1. Field of the Invention
The present invention relates to a class D amplifier.
2. Description of the Related Art
In recent years, amplifiers using a class D amplifying method have become more widespread due to the demands for miniaturization and high efficiency requirements of amplifiers.
A class D amplifying method is a method described as follows: In the first place, modulation processing such as pulse width modulation (PWM) or pulse density modulation (PDM) is performed on an analog signal which is input to an amplifying circuit. Then the digital signal which is converted from the input signal by the above modulation processing is amplified. Next, the amplified signal is passed through a low-pass filter and is converted back to an analog signal. In an amplifier using a class D amplifying method, the analog signal can be amplified only by amplifying the digital signal, that is, only by ON/OFF signal processing. Thus, theoretically, 100% power efficiency can be obtained.
Thus, amplifiers using a class D amplifying method are highly efficient, thereby making miniaturization.
In this regard, as the low-pass filter used for the output from a class D amplifier, an LC-type low-pass filter has been widely used. The LC-type low-pass filter typically comprises passive elements such as an inductor, a capacitor, and so on. Such an LC-type low-pass filter has many advantages, for example, low power loss and stable characteristics.
In designing such an LC-type filter, the design is made on the assumption that a load having a constant impedance, which is called a “nominal impedance”, is connected to the filter. However, the load impedance which is connected to the output of a class D amplifier, in other words, the output of the LC-type filter, may fluctuate. If this impedance value deviates from the nominal impedance, the frequency characteristic of the LC-type filter fluctuates considerably because of the nature of the LC-type filter. Thus, there is a shortcoming in that, the frequency characteristic of the class D amplifier, as a whole, differs from the design value.
Particularly, in the case of a speaker, which is usually used as the load of an amplifier, the following problem occurs: The impedance of the speaker may deviate from its nominal impedance in the high frequency band due to the configuration of the magnetic circuit of a voice coil unit in the speaker, and the characteristic of a network circuit which is inserted at the pre-stage of the speaker.
Accordingly, in a conventional class D amplifier, an impedance compensation circuit, such as a Zobel element, is connected to the load end of the low-pass filter for output in parallel with a load. This means that it has been necessary to compensate the impedance characteristic of a speaker, which is a load, by using such an impedance compensation circuit.
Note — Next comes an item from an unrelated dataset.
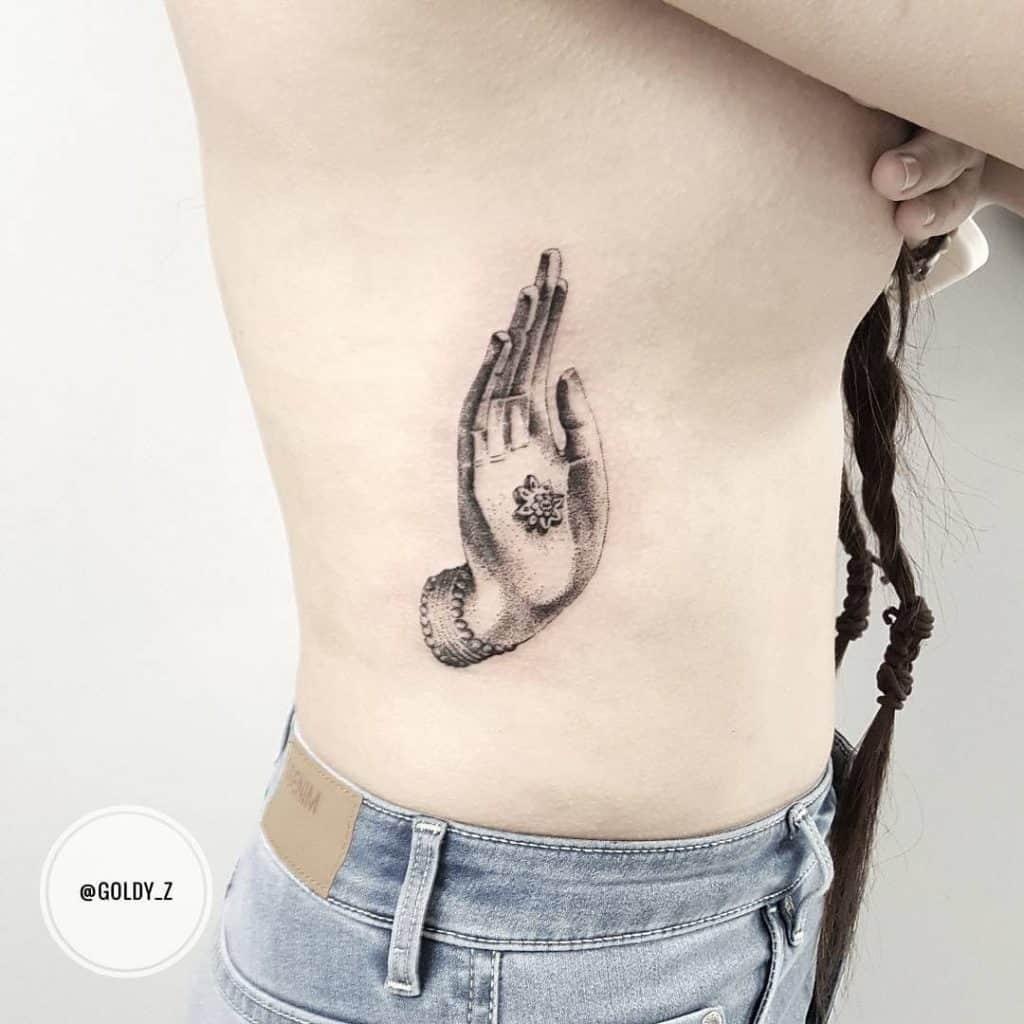 Side Stomach Peace Symbol Tattoo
However, with a compensation circuit composed of such passive elements, its compensation ability is limited, and the circuit cannot cope with a wide range variation of the load impedance. Also, with such a compensation circuit, there is a problem in that, once compensation is performed for a specific speaker which is connected as a load, the previously adjusted compensation circuit cannot function when the speaker is replaced with another speaker.